I spend a lot of time engaged in wishful thinking. Here we are, just around the corner from Halloween, and I am already starting to scribble lists for Thanksgiving. I’ve even got a dedicated (albeit dusty) corner of the kitchen for a growing stack of items to toss into the car before we head off to the rental house in the mountains for the Thanksgiving holiday. So far I have the turkey-shaped glass candleholders, and a box of candles. The pile will grow. (Corkscrew, electric carving knife, grease separator, canister of Wondra flour…)
There is no frost on the pumpkin as yet, the one bought a couple of weeks ago on our field trip to the farm stand, and yet I am mulling the finer points of transitioning from traditional pumpkin pie to a TikTok chic chocolate olive oil cake for Thanksgiving dessert. (Chocolate Olive Oil Cake) And what should we do for potatoes? Peel pounds of russets and hope the mountain of bland, buttery goodness appeals to the 9-year-old and his younger brother? Or should we experiment with Lyonnaise potatoes? Or maybe risk our fingertips and pull out the deadly guillotine and try Crispy Cheesy Garlic Potato Stacks? With the world in turmoil, it is probably just as well that I focussed on an annual family meal that is still weeks away.

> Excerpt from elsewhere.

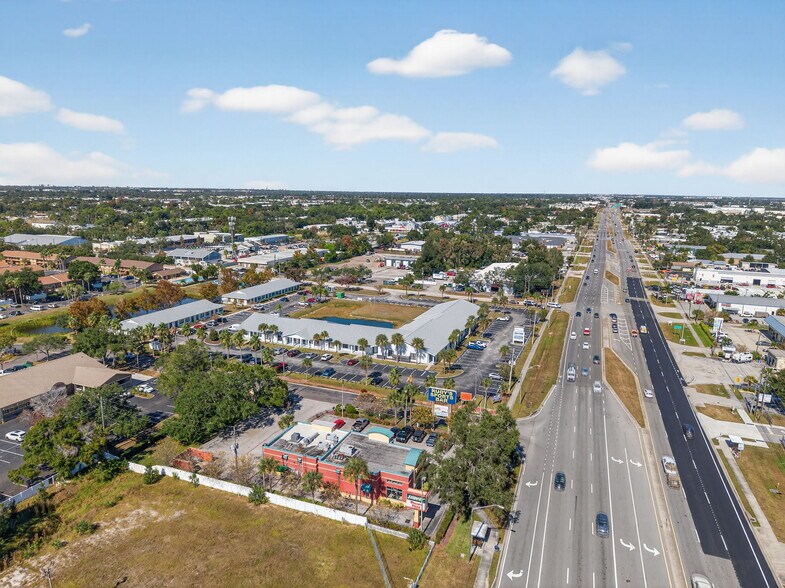 11350 66th St N, Largo, FL à louer - Photo de l’immeuble – Image 3 sur 27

Most sensible people would channel their energies toward getting prepared for Halloween, the more immediate holiday. As I have said, we have decorated the front porch with a pumpkin, and now hanging from the hook on the front door is a colorful bunch of dried corn, tied with a jaunty burgundy bow; surely, Martha-approved. She might look askance at the black, skeletal plastic flamingos, but we are fond of them.
More preparation will include buying the candy to distribute on Halloween itself. I still remember the year I bought Tootsie Rolls a week before Halloween, because I don’t like Tootsie Rolls, and yet, maybe because I was pregnant, I found them irresistibly delicious that year. And subsequently gained five pounds. In a week. I cannot abide Tootsie Rolls now, but I bet if I were alone in a house with a bag of them, I might change my mind, again. The only will power that I can muster comes from keeping the Halloween candy out of the house until the last possible minute.
Potatoes, on the other hand, take a little more prep work than just clawing open a plastic bag and tearing into the tiny, crinkly packages. First, you have to consider the merits of the many varieties of potato. There are more than 200 types of potatoes sold in the United States. Amazing. Simply, there are seven categories: russet, red, white, yellow, blue/purple, fingerling, and petite. Don’t take my word for it: Potato Varieties
After a summer full of potato salads (red bliss), garlic smashed potatoes (yellow), and grilled potatoes (white), it will be a nice change of pace to turn on the oven and bake some warm fluffy Russet potatoes. Time in a warm kitchen while potatoes are baking is well spent: while puttering, writing lists, setting the table, reading the paper. Time slows to a manageable crawl.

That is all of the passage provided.